Based on CMS inspection data, Nye Legacy Health & Rehabilitation Center has a clean safety record: no substantiated abuse findings (meaning no confirmed cases of resident harm), no Immediate Jeopardy citations (the most serious violation level indicating risk of serious injury or death), and is not on the Special Focus Facility watch list (a federal program monitoring the lowest-performing 1% of nursing homes). The facility has a 4-star overall rating and ranks #1 of 100 nursing homes in Nebraska. While no facility is perfect, families should still ask about staff-to-resident ratios and recent inspection results during their visit.

Do Nurses at Nye Legacy Health & Rehabilitation Center Stick Around?

Nye Legacy Health & Rehabilitation Center has a staff turnover rate of 52%, which is 6 percentage points above the Nebraska average of 46%. Moderate turnover is common in nursing homes, but families should still ask about staff tenure and how the facility maintains care continuity when employees leave.
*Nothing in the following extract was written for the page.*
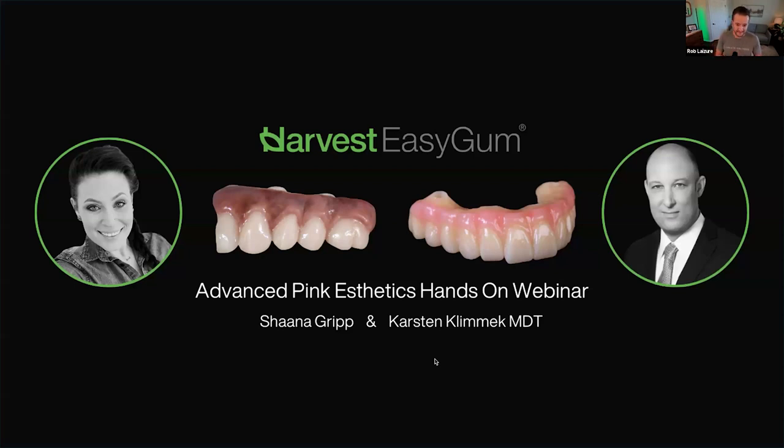Tonight we're here to talk about advanced pink aesthetics and go hands-on. For those of you who got the gift box, cheers! For those who didn't, if you join the Pink Different Facebook group, we post webinar signups there first. The first 20 people who signed up received a gift box with a model, some Easy Gum, a bottle of wine, and a pink different wine glass. To be first in line for our next webinar, please join the Pink Different Facebook group.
Was Nye Legacy Health & Rehabilitation Center Ever Fined?

Nye Legacy Health & Rehabilitation Center has no federal fines on record. CMS issues fines when nursing homes fail to meet care standards or don't correct problems found during inspections. The absence of fines suggests the facility has either maintained compliance or corrected any issues before penalties were assessed. This is a positive indicator, though families should still review recent inspection reports for the full picture.

Is Nye Legacy Health & Rehabilitation Center on Any Federal Watch List?

Nye Legacy Health & Rehabilitation Center is not on any federal watch list. The most significant is the Special Focus Facility (SFF) program, which identifies the bottom 1% of nursing homes nationally based on persistent, serious quality problems. Not being on this list means the facility has avoided the pattern of deficiencies that triggers enhanced federal oversight. This is a positive indicator, though families should still review the facility's inspection history directly.